Inflammatory markers in endometriosis: reduced peritoneal neutrophil response in minimal endometriosis

Abstract

Inflammation is considered to play a role in the pathogenesis of endometriosis. Inflammatory activation in endometriosis was tested based on the hypothesis that pain and endometriosis stage are related to the degree of local and systemic inflammation. Eighteen patients with endometriosis and 14 controls without endometriosis were studied. Cancer antigen 125 and C-reactive protein were analyzed in blood, and in aspirated peritoneal fluid, lactoferrin, myeloperoxidase (neutrophil granulocyte activation marker), sC5b-9 (terminal complement complex), soluble intercellular adhesion molecule 1 (marker for extent of endometriotic tissue), neopterin, and tumor necrosis factor alpha (monocyte/macrophage activation) were evaluated and related to pain, endometriosis stage, and clinical data.
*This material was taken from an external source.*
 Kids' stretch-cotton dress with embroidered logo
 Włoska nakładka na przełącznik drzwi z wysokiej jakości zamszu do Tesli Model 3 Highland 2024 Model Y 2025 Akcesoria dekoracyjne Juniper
None of the measured markers were different between control and endometriosis patients, or in women with or without menstrual pain, dyspareunia, or other types of pelvic pain. Lactoferrin and myeloperoxidase concentrations were significantly lower in patients with endometriosis stage I compared to control patients and endometriosis patients with stage III/IV disease. As expected, cancer antigen 125 concentrations were increased in endometriosis patients of stage III/IV. Neutrophil granulocytes in endometriosis patients may have a lowered ability to respond to weak activation signals, while in more extensive endometriosis stronger neutrophil activation may be related to a proinflammatory effect of endometriotic tissue.